Today Forschungszentrum Jülich as well as Google announced that they will cooperate on research into quantum computers. Furthermore, in addition to joint research activities, the two new research partners plan to advance the training of experts in quantum technologies and quantum algorithms. Another goal of this German-American collaboration is the mutual exchange of hardware.

During his visit to Google headquarters in Mountain View, California, Peter Altmaier, Federal Minister of Economics and Energy, welcomed the cooperation with these words:

Quantum computers have the potential to solve certain types of calculations much more efficiently than today’s technologies can. Quantum computers and quantum algorithms are therefore very important technologies which will shape the future and are being followed closely around the world. At present, quantum computers are still very much at in their infancy, and it is difficult to predict what will become possible – and what perhaps will not. Researchers still have a lot of basic research to do in this area. It was the same situation when we were developing today’s computers. I am therefore delighted that Google and Forschungszentrum Jülich have decided to cooperate in the important forward-looking field of quantum computers”

EU flagship quantum program

Google and Forschungszentrum Jülich have been working independently on the development of quantum processors and quantum algorithms for years. The research center plans to operate a European quantum computer equipped with 50 to 100 superconductive qubits, including quantum bits. In quantum informatics, they are regarded as the counterpart to the standard bit. The quantum computer is to be developed as part of the EU’s Quantum Flagship program  and will be accessible to research and industry at Forschungszentrum Jülich. This EU-wide research initiative aims to accelerate the development of quantum technologies in Europe. It has a funding budget of 1 billion euros for a period of about ten years.

Quantum computers offer options to solve certain algorithmic problems in seconds which would take years with established supercomputers. Google, a company that sets new standards in this field, is an important partner for us to join forces in research to advance this revolutionary technology.”

Explains Prof. Wolfgang Marquardt, Chairman of the Board of Directors of Forschungszentrum Jülich.

Dr. Hartmut Neven, Technical Director at Google and Head of the Quantum Artificial Intelligence Lab explains further:

“Quantum processors may support the development of new environmentally friendly technologies and revolutionize artificial intelligence technologies. We are excited to see the European developments and, as part of the cooperation with the Forschungszentrum Jülich, we look forward to contributing to the success of European quantum technologies.“

On-the-job training for young scientists

Forschungszentrum Jülich and the American group will support each other in the future, particularly in training junior scientists and experts. Because, according to Dr. Markus Hoffmann, head of “Quantum Partnerships” at Google:

“A shortage of specialists, like in the field of artificial intelligence, is also foreseeable in the field of quantum computing. For this reason, we invest in training and promoting top academic talent.”

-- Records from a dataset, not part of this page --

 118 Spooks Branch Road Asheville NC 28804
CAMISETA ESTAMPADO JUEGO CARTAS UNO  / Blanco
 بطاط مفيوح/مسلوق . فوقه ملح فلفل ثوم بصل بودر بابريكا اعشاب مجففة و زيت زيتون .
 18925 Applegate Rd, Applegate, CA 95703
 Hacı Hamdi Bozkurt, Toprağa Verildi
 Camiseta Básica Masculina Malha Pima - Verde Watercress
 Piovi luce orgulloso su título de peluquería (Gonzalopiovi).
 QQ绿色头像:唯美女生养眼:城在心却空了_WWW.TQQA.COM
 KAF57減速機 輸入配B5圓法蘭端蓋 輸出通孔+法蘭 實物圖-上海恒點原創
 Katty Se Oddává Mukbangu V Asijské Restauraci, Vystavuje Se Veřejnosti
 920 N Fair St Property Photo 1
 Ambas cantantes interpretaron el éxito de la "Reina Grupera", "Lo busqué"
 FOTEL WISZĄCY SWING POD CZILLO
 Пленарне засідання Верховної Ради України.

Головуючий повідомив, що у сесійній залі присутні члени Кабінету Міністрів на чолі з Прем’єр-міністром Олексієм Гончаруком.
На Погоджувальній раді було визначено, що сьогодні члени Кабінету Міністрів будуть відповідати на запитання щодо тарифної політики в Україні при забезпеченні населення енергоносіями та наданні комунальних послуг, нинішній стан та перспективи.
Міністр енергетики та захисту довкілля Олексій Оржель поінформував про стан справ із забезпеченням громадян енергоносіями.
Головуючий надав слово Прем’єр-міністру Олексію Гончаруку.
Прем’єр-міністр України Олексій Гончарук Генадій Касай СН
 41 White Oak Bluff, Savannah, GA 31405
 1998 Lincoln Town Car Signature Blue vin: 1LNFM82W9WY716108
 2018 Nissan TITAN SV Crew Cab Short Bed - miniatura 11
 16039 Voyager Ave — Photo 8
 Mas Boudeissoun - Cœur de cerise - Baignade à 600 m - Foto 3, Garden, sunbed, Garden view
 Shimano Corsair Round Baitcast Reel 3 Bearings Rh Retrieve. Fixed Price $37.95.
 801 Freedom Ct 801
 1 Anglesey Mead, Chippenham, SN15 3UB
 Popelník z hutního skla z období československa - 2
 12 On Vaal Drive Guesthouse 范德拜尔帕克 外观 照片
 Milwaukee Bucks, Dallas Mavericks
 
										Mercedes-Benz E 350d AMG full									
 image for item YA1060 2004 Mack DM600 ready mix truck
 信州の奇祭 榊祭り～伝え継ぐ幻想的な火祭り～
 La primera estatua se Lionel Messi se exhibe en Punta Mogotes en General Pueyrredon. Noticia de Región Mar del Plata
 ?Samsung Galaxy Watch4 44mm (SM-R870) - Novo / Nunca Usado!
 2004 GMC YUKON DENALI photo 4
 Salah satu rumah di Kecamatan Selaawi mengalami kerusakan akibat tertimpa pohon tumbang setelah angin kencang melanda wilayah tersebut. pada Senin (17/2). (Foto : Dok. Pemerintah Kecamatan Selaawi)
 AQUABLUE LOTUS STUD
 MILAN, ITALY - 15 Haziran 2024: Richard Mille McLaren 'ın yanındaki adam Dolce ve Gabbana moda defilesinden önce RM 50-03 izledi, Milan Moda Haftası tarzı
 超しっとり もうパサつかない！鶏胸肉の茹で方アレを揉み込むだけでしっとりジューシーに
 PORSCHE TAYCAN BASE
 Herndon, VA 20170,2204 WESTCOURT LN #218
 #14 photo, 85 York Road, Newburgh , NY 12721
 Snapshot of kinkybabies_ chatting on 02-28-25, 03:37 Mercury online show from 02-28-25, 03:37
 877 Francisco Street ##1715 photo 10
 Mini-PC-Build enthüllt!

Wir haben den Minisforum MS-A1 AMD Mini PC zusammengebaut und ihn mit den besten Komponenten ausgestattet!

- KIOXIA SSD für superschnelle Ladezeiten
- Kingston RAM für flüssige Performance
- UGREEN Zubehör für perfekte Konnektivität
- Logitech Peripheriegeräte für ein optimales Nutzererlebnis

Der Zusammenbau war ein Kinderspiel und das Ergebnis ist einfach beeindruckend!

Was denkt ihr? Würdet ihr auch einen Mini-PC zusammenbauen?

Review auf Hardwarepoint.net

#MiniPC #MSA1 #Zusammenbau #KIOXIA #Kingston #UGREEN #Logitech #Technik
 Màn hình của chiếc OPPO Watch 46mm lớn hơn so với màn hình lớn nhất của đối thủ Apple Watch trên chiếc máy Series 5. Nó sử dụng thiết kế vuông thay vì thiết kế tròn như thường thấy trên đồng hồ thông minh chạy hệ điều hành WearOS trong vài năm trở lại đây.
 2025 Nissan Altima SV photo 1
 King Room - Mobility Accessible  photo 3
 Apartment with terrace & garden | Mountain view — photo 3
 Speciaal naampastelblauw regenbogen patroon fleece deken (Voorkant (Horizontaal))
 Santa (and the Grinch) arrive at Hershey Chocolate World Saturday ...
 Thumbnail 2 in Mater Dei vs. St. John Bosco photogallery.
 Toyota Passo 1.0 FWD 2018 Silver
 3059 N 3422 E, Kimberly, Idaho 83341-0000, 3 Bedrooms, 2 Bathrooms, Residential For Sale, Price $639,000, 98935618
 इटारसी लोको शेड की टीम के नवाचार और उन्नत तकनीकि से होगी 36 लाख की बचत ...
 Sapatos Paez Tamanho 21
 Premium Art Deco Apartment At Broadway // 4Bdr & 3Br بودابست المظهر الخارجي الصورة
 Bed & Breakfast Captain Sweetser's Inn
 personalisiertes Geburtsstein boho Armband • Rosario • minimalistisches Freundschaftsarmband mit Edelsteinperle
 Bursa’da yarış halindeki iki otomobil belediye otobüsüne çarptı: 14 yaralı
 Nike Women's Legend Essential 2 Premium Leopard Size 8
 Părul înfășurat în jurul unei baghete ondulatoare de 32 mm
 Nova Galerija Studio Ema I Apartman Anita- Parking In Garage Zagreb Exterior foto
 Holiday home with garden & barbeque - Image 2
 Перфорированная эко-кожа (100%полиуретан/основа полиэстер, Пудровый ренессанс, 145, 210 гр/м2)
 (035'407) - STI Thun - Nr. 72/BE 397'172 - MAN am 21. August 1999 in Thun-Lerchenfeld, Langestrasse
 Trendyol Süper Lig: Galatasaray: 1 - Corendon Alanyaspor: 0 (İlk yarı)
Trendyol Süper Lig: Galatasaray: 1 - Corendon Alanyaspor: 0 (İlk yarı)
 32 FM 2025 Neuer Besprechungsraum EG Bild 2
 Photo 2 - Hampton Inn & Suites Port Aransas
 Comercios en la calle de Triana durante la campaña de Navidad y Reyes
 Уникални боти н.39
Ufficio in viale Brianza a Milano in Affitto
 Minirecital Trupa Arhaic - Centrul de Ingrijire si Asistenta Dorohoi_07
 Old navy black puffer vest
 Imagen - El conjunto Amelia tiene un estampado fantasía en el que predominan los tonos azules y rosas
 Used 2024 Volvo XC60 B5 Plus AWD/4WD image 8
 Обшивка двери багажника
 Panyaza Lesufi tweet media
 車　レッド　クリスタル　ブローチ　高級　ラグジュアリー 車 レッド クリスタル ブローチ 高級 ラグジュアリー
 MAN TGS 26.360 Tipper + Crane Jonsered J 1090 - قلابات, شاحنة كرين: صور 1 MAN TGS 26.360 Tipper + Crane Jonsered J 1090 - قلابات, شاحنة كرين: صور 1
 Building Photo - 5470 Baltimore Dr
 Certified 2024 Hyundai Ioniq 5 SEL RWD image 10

The partnership is primarily about regular scientific exchange as well. Prof. Kristel Michielsen, head of the Quantum Information Processing workgroup at the Jülich Supercomputing Centre (JSC), already has very concrete plans in this respect::

“Hands-on workshop and spring schools will be organised at Forschungszentrum Jülich. The Jülich UNified Infrastructure for Quantum computing (JUNIQ), a European quantum computer user facility planned for the Jülich Supercomputing Centre (JSC), will be available for training industry professionals, and will be accessible in the cloud to European users,”

Long-standing collaboration

Additionally, Google and Forschungszentrum Jülich will carry out joint research in the field of quantum hardware and quantum algorithms. This gives scientists from both parties the opportunity to conduct simulations on the supercomputers at the Jülich Supercomputing Centre (JSC) and to experiment with Google’s quantum processors. Forschungszentrum Jülich and Google are already working together on several research projects. In the meantime, some of them have been awarded the Google Faculty Research Award. For example, Prof. Kristel Michielsen and Prof. Tommaso Calarco from Forschungszentrum Jülich were awarded the 2018 Research Prize. Another award went to Prof. Frank Wilhelm-Mauch from the University of Saarland in 2015. Forschungszentrum Jülich has been involved with this project in the OpenSuperQ sub-project of the European Quantum Flagship program.